Bisnis.com, SOLO - Salah seorang pejabat Ukraina dilaporkan mengecam CEO SpaceX, Elon Musk, dan menuduh sang crazy rich memerintahkan para insinyur untuk mematikan jaringan satelit Starlink di Krimea tahun lalu untuk menggagalkan serangan Ukraina terhadap kapal perang Rusia.
Menurut biografi baru Musk, miliarder kelahiran Afrika Selatan itu bertanya, “Bagaimana keadaan saya dalam perang ini?” selama wawancara dengan penulis Walter Isaacson.
Dilansir BBC, pemerintah Barat berupaya memasuk Kyiv dengan banyak sistem artileri setelah Rusia melakukan invasi ke wilayah tersebut.
Sistem pertahanan yang dipasok Barat termasuk pertahanan udara dengan membangun terminal Starlink pertama Musk di negara tersebut.
Akan tetapi, Musk ternyata tidak senang. Sebab menurutnya, Starlink buatannya tidak dimaksudkan untuk terlibat dalam perang yang terjadi antara dua negara bekas Uni Soviet tersebut.
“Starlink tidak dimaksudkan untuk terlibat dalam perang. Hal ini dilakukan agar orang-orang dapat menonton Netflix dan bersantai serta online untuk bersekolah dan melakukan hal-hal baik yang damai, bukan serangan drone,” kata Musk, menurut buku tersebut.
Dia mengatakan kepada Isaacson bahwa dia khawatir serangan Ukraina terhadap kapal-kapal Rusia akan memprovokasi Kremlin untuk melancarkan perang nuklir.

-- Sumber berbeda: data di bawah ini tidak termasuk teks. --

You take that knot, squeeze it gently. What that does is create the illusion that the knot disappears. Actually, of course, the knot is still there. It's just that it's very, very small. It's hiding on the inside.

Seorang pembantu utama Presiden Ukraina Volodymyr Zelenskyy mengecam Musk atas pengungkapan tersebut.
“Dengan tidak mengizinkan drone Ukraina menghancurkan sebagian armada militer Rusia melalui campur tangan Starlink, Elon Musk mengizinkan armada ini menembakkan rudal Kalibr ke kota-kota Ukraina,” tulis Mykhailo Podolyak pada Kamis di media sosial.

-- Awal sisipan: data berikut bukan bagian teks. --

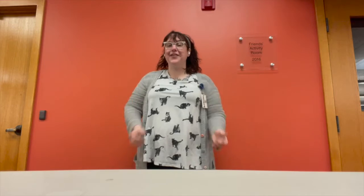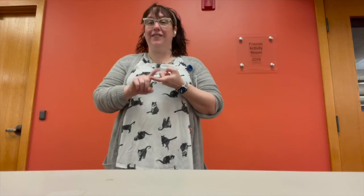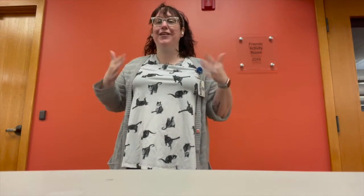Now let's put it all together. The more we get together, together, together. The more we get together, the happier we'll be. 'Cause my friends are your friends and your friends are my friends. The more we get together, the happier we'll be. Yay! Great job. Thanks for joining me.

Pejabat tersebut kemudian mengatakan Elon Musk sudah sangat egois dan keegoisannya membuat banyak nyawa melayang.
“Akibatnya, warga sipil dan anak-anak terbunuh. Ini adalah harga dari campuran ketidaktahuan dan ego yang besar,” tambahnya di X, yang dulunya bernama Twitter.
Tuduhan Elon Musk sebagai antek Rusia memang sudah mengemuka sejak lama. Ia beberapa kali membela manuver yang dilakukan oleh pejabat negeri Vladimir Putin tersebut.
Contohnya ketika Dmitry Medvedev, Wakil Sekretaris Dewan Keamanan Rusia, men-tweet bahwa Ukraina adalah "rezim Nazi", Musk membela hak mantan presiden itu untuk men-tweet.
Beberapa orang pro-AS dan Ukraina juga sempat meminta Twitter membekukan akun Medvedev. Akan tetapi dengan tegas, hal tersebut dibela oleh Elon Musk.
"Semua berita sampai taraf tertentu adalah propaganda. Biarkan orang memutuskan sendiri," kata Musk.